Entries provided:
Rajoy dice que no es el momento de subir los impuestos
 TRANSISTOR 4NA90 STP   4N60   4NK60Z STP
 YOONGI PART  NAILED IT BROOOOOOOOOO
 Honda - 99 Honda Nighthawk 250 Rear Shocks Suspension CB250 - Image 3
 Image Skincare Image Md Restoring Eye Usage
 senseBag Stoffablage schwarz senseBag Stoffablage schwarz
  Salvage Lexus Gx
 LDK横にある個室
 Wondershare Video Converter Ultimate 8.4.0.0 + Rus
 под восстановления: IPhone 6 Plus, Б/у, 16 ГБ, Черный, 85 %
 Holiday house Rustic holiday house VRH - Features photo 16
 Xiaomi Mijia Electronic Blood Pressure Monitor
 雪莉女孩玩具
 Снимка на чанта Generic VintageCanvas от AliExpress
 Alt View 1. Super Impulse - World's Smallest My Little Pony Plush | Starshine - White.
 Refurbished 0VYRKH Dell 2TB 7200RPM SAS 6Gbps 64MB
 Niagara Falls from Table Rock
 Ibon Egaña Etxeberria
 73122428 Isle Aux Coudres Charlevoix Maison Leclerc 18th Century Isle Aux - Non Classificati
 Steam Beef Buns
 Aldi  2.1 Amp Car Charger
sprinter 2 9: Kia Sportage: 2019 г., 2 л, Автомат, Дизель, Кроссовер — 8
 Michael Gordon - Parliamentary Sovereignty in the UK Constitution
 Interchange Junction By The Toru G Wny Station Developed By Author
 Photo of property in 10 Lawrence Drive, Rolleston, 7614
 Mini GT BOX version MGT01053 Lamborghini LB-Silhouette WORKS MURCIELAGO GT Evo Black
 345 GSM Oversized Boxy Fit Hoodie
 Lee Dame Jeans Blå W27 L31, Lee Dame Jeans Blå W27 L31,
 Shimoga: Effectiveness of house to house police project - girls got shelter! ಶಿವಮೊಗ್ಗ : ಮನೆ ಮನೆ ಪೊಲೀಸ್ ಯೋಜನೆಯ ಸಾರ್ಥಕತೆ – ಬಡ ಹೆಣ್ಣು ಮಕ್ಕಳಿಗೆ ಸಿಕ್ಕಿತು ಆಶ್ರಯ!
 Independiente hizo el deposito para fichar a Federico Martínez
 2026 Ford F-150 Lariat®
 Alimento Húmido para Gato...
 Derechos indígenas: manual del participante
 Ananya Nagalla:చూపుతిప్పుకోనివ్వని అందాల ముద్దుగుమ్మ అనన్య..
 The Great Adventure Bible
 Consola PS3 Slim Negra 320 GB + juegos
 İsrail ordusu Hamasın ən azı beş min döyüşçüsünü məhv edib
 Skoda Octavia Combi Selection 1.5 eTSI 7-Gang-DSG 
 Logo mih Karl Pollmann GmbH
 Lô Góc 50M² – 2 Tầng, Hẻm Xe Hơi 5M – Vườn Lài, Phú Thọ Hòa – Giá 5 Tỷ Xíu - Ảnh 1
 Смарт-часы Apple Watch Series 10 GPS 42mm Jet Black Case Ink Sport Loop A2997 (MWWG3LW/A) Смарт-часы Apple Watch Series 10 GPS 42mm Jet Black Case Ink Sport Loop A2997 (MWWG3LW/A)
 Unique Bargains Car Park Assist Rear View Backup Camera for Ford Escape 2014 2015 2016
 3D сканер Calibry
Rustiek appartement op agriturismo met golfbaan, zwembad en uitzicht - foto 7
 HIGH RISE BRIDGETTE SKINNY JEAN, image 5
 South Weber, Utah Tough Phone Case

Task to complete: Using the listing above, copy exactly the line that contains "Wondershare Video Converter", the line that contains "Interchange Junction By", and each line that falls between them.

Answer box:
 Wondershare Video Converter Ultimate 8.4.0.0 + Rus
 под восстановления: IPhone 6 Plus, Б/у, 16 ГБ, Черный, 85 %
 Holiday house Rustic holiday house VRH - Features photo 16
 Xiaomi Mijia Electronic Blood Pressure Monitor
 雪莉女孩玩具
 Снимка на чанта Generic VintageCanvas от AliExpress
 Alt View 1. Super Impulse - World's Smallest My Little Pony Plush | Starshine - White.
 Refurbished 0VYRKH Dell 2TB 7200RPM SAS 6Gbps 64MB
 Niagara Falls from Table Rock
 Ibon Egaña Etxeberria
 73122428 Isle Aux Coudres Charlevoix Maison Leclerc 18th Century Isle Aux - Non Classificati
 Steam Beef Buns
 Aldi  2.1 Amp Car Charger
sprinter 2 9: Kia Sportage: 2019 г., 2 л, Автомат, Дизель, Кроссовер — 8
 Michael Gordon - Parliamentary Sovereignty in the UK Constitution
 Interchange Junction By The Toru G Wny Station Developed By Author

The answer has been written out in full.